On April 8, 2005, the trial court conducted a plea hearing. (App. pp. 47-62.) The court asked Elliott whether he read and understood the plea agreement, whether he discussed the charging document and plea agreement with his attorney and whether he understood that by entering a plea, he waived his right to a trial. (App. pp. 52-56.) Elliott answered the court's questions affirmatively. (Id.) Elliott also confirmed that he was not threatened or coerced into entering the plea and that he pled guilty because he was, in fact, guilty. The trial court explained the maximum terms of incarceration for the corresponding crimes to which Elliott would plea and the Government described the factual basis for the crimes alleged. (App. pp. 54, 56-59.) Elliott agreed with the Government's factual description of his illegal conduct and affirmed that he understood the maximum periods of incarceration for the felony offenses. After the trial court's various inquiries and colloquy, Elliott entered a guilty plea to Burglary in the Second Degree (Count One) and Assault in the Third Degree (Count Three). (App. pp. 47-63.) The trial court accepted the plea as knowing and voluntary and the remaining counts were dismissed.

On May 18, 2005, Elliott was sentenced to a period of fifteen (15) years imprisonment for Count One, and a period of five (5) years imprisonment for Count Three. These terms were to run consecutively. The Superior Court entered a written judgment and commitment on June 20, 2005. (App. pp. 64-87.) This timely appeal followed.
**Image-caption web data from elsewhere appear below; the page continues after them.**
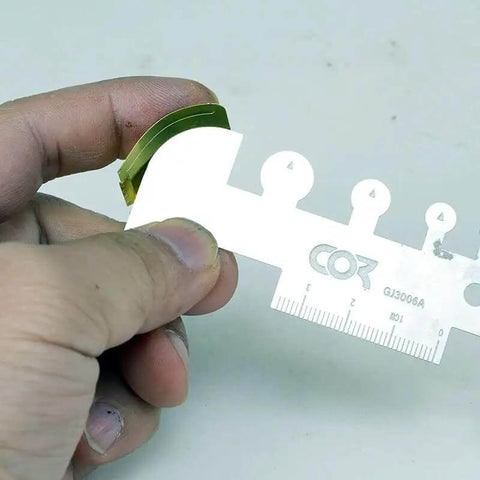 Close-up of Photo Etched Hobby Etching Kit With Stainless Steel Sheet Bender Tool, showing details of ruler use.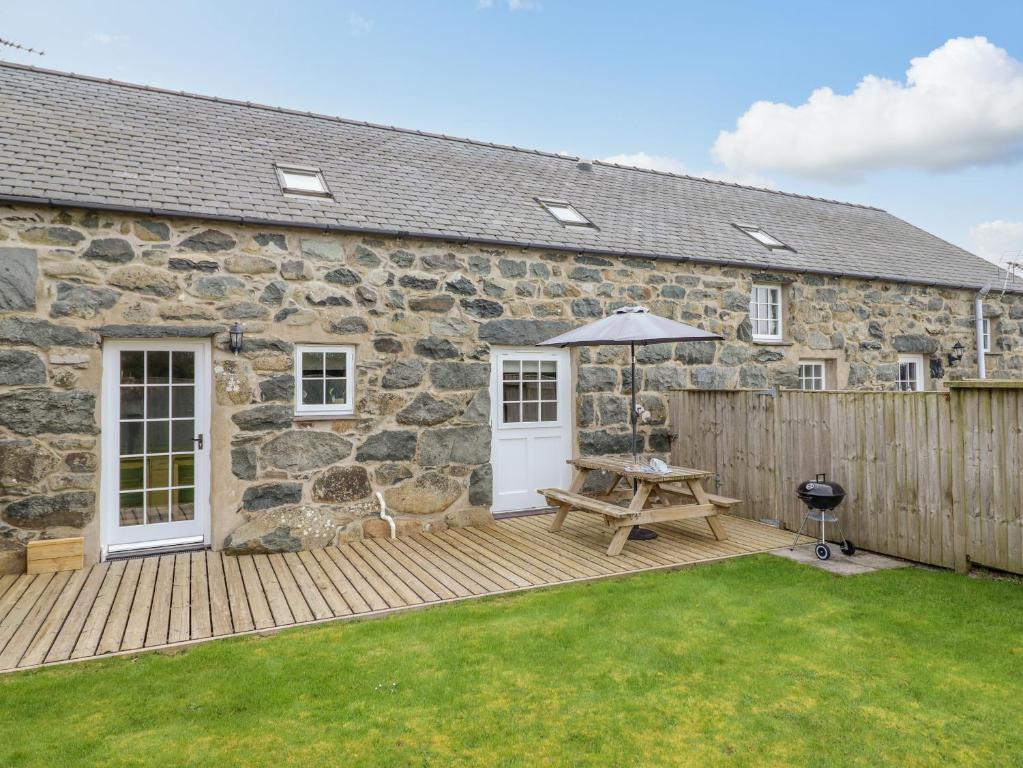 a stone house with a wooden deck with a table and an umbrella at Ysgybor Yd in Chwilog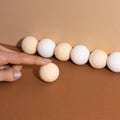 Young woman fingers touch the organic bath bombs with shadow on beige background. Spa concept. Presents for body Royalty Free Stock Photo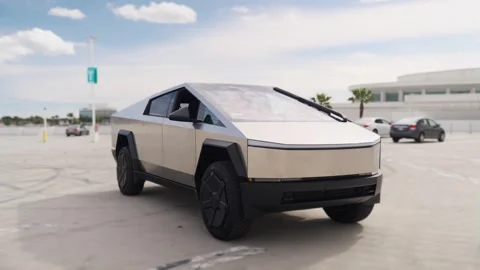 Close-up of a futuristic electric car with an angular design displayed outdoors. Stock Footage 274452996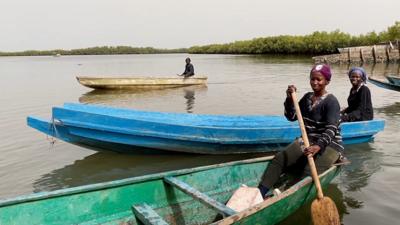 Oyster farmers in boats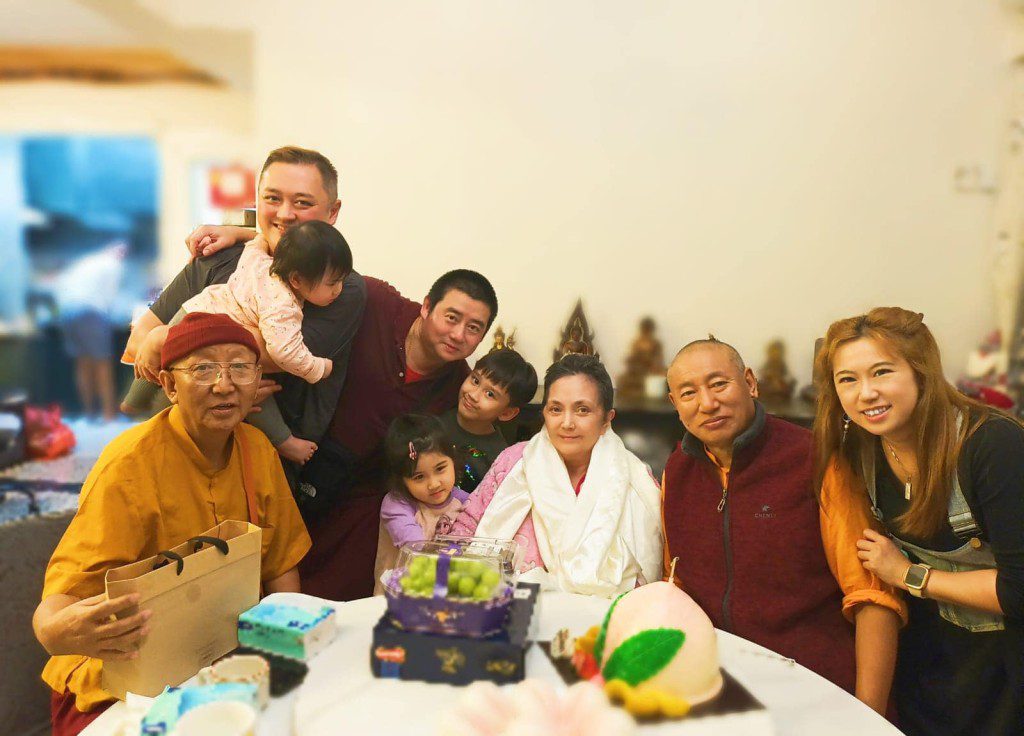 施明被三名孫兒圍繞,面露開心笑容。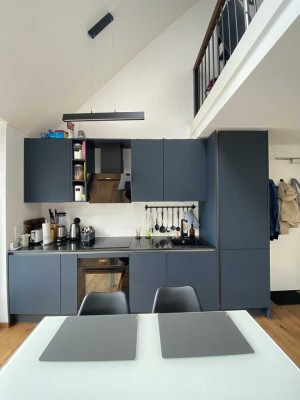 Luxuriöse doppelstäckige Penthouse-Wohnung mit Balkon & Tiefgarage in ruhiger Lage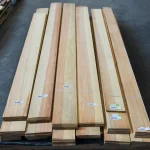 Long sheets of sawn pine veneer up to 3 meters long in the warehouse.
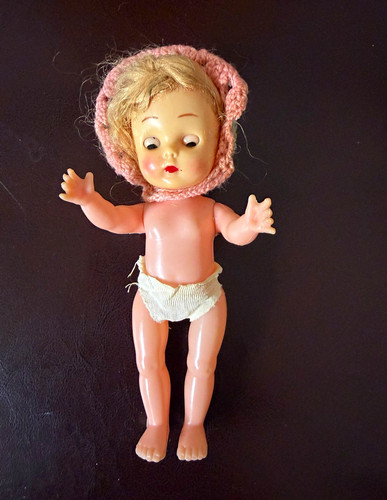 Plastic doll with - jointed, arms
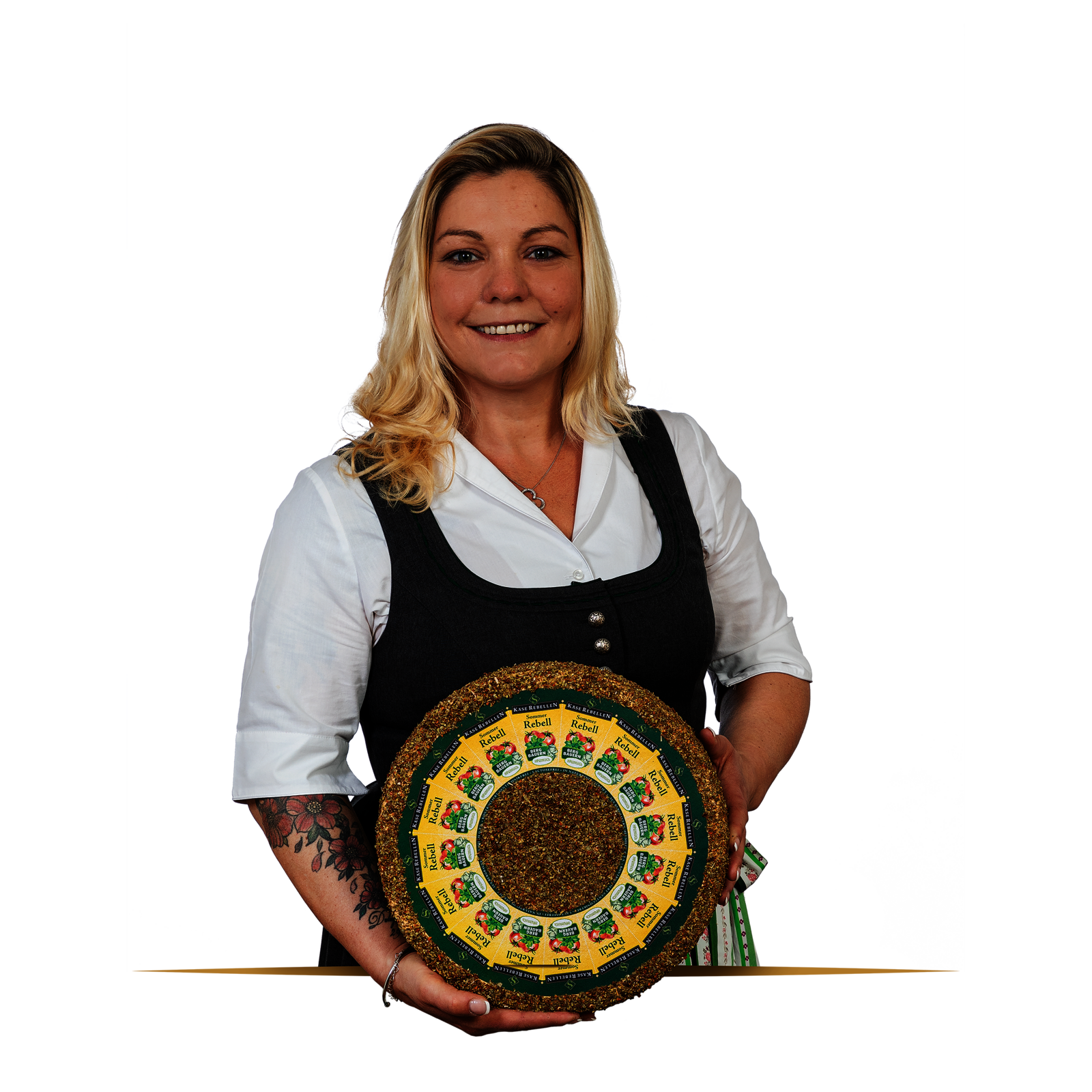 Lachende Frau in Dirndl mit einem Laib Käse in der Hand.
II. STATEMENT OF JURISDICTION AND STANDARD OF REVIEW

This Court has jurisdiction to review the judgments and orders of the Superior Court in criminal cases. See the Omnibus Justice Act of 2005, Act No. 6730 § 54(d)(1) (2005). We review de novo questions of law, issues implicating rights protected under the U.S. Constitution, and the interpretation of statutes. However, we afford the more deferential clear error review to factual determinations. See Gov't of V.I. v. Albert, 89 F.Supp.2d 658, 663 (D.V.I. App. Div. 2001).

See also Revised Organic Act § 23A, 48 U.S.C. § 1613a. The complete Revised Organic Act of 1954 is found at 48 U.S.C. §§ 1541- 1645 (1994), reprinted in V.I. CODE ANN., Historical Documents, Organic Acts, and U.S. Constitution at 159-60 (1995 Supp. 2003) (preceding V.I. CODE ANN. tit. 1) ["Revised Organic Act"].

Elliott's notice of appeal was filed on July 21, 2005.

III. ISSUES PRESENTED

On appeal, Elliott argues that the trial court erred by accepting his plea that was not knowing, voluntary or intelligent. Elliott also argues that the trial court erred in sentencing because his sentence was disproportionate to his criminal conduct. Finally, Elliott argues that he was denied effective assistance of counsel.

IV. DISCUSSION

A. Appellant's plea was knowing, voluntary and intelligent.

Elliott contends that his plea was neither knowing, voluntary nor intelligent because the trial court did not explain the elements of Second Degree Burglary or Assault Third Degree. Elliott never called this alleged error to the attention of the Superior Court. We, therefore, review the record for plain error only. United States v. Knobloch, 131 F.3d 366, 370 (3d Cir. 1997).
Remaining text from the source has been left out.